NATO-led troops have started a major offensive against Taliban militants in southern Afghanistan that will involve more than 4,500 NATO troops and close to 1,000 Afghan personnel, NATO said on Tuesday.
"Operation Achilles" in Afghanistan's volatile Helmand province was launched at the request of the Afghan government and will focus on northern Helmand, NATO said in a statement.
"Our first maneuver elements reached their positions at approximately 5:00 a.m. (0030 GMT) this morning," Major General Ton van Loon, NATO's commander in the south, said in a statement.

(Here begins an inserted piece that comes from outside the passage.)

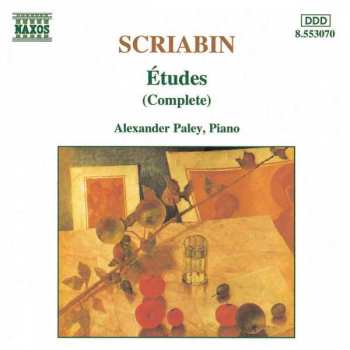 Album Alexander Scriabine: Etudes (Complete)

At its peak, Operation Achilles will eventually involve over 4,500 NATO troops and close to 1,000 Afghan troops, he added.
ISAF said later in the day that one soldier had been killed in the operation so far. It did not give his nationality.
Meanwhile the Taliban said they had kidnapped a Briton and two Afghans in Helmand. Unconfirmed media reports said the kidnapped people were journalists. The Taliban have so far made no demands. Reports suggested the three had been accused of spying and were being detained at a Taliban base.
A car, satellite phones and cameras had also been taken and the men were being questioned, a Taliban spokesman said. Taliban commanders were reported to have carried out the kidnapping on Monday. The British foreign ministry spokesman in London said it was looking into the claims.
Van Toon said Achilles was the largest multi-national combined operation by NATO's International Security Force (ISAF) and the Afghan National Security Forces (ANSF) to date. "It signifies the beginning of a planned offensive to bring security to northern Helmand and set the conditions for meaningful development that will fundamentally improve the quality of life for Afghans in the area,” he added.
The Afghan government has lost control over parts of northern Helmand, including Musa Qala district, where Taliban militants took over on February 1. Helmand is the world's biggest producer of opium, and a new United Nations drug assessment indicates that this year's poppy harvest may be even higher than last year's record output.
"There is no scheduled end date to this operation," the NATO statement said. "ISAF and ANSF forces will continue to apply pressure to extremist forces and pursue reconstruction and development objectives until they are achieved."
The Taliban have themselves announced a spring offensive and said they are planning a wave of suicide attacks. Last year more than 4,000 people were killed in violence in Afghanistan, a quarter of them civilians, marking the biggest death toll since the fall of the Taliban in 2001. Most of the deaths occurred in the south.
Some 35,000 soldiers from NATO's ISAF, drawn from 37 countries, are currently stationed in Afghanistan. The US has 22,000 troops in Afghanistan, of whom 13,000 are under ISAF command, and wants to increase its presence in the country by a further 3,200 troops.
Alongside ISAF, US-led coalition troops are also operating under the mission "Enduring Freedom" in Afghanistan to hunt for terrorists.